Asahi and Kirin are of course two of Japan’s biggest brewers, which means that vast quantities of beer are made in factories all over the country. you can find them both here in Nagoya and, for absolutely no charge, you can take a trip around.

Kirin Brewery Tour

In operation since 1962, Kirin Beer Nagoya Factory is the oldest beer factory in the Tokai area, but that doesn’t mean that it is a relic, by any stretch of the imagination.  Its old factory (which is actually in Kiyosu city, 5km from Nagoya station) has since been renovated so visitors may watch the unique brewing kettles for boiling ingredients.

The 75 minutes tour features a couple of videos with an augmented reality wide screen showing of the brewing process, in particular explaining what is so special about “ichiban shibori” (the first press).

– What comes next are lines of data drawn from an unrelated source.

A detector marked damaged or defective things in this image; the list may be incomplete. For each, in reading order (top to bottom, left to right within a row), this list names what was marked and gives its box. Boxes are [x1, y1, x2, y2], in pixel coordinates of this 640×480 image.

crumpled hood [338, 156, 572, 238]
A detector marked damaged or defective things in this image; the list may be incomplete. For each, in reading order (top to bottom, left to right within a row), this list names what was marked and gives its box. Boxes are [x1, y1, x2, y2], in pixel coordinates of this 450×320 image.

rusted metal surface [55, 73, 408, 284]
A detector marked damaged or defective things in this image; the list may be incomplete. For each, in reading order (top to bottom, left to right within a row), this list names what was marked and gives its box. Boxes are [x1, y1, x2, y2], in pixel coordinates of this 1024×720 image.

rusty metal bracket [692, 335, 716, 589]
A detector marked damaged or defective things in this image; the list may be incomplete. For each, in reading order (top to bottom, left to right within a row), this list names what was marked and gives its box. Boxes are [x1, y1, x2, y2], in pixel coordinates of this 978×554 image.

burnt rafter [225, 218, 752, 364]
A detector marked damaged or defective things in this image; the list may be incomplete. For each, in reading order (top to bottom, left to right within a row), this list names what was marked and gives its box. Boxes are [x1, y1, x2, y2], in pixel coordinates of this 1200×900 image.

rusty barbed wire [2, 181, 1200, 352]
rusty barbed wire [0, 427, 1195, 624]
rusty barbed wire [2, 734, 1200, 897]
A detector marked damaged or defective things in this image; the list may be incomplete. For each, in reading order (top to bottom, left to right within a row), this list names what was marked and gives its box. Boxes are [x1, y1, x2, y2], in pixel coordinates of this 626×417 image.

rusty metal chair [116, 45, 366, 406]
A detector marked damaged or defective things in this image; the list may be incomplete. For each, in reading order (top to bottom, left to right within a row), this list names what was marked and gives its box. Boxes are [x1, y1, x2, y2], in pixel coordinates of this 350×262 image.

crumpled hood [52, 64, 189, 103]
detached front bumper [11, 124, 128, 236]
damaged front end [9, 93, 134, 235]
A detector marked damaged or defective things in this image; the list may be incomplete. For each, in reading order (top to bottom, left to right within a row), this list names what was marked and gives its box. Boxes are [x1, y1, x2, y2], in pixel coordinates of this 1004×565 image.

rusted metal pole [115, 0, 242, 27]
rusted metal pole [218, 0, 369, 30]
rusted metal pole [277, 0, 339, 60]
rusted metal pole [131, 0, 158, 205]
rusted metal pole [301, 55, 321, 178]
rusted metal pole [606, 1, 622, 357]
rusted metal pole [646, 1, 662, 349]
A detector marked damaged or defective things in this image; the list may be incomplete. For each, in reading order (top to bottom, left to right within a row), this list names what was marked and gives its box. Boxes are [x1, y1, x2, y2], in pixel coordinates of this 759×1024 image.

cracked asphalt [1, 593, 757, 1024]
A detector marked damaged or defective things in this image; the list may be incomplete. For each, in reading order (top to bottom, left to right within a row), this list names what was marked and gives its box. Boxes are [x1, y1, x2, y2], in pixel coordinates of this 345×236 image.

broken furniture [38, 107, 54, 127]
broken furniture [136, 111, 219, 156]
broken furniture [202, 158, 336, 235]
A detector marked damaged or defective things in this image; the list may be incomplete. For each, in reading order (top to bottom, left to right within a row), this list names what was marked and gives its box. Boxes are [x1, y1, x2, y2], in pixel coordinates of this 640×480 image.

You can sample the freshly squeezed wort that is used in making the beer, and if that hasn’t quenched your thirst, the tour concludes with 20 minutes of tasting, with up to three free glasses of beer.

  • Access: Train: 5 minutes walk from Owarihoshinomiya Station on the Jyohoku Line; Shuttle bus: Scheduled run bus from JR Tokaido Line Biwajima Station
  • Address: 100 Teranohanagasa, Kiyosu City, Aichi 452-8562
  • Tel: 052-408-2000
  • Websitewww.kirin.co.jp/entertainment/factory/nagoya

Asahi Brewery Tour

Around three hundred people take this tour daily, with coach trips coming from as far as China and Korea to see how the famous beer is made. However visitors wanting to see the factory in motion must visit on weekdays and non-holidays, as the factory closes on Saturdays and Sundays. Should you visit on one of these days, you will instead be shown an interesting film of the factory in full flow.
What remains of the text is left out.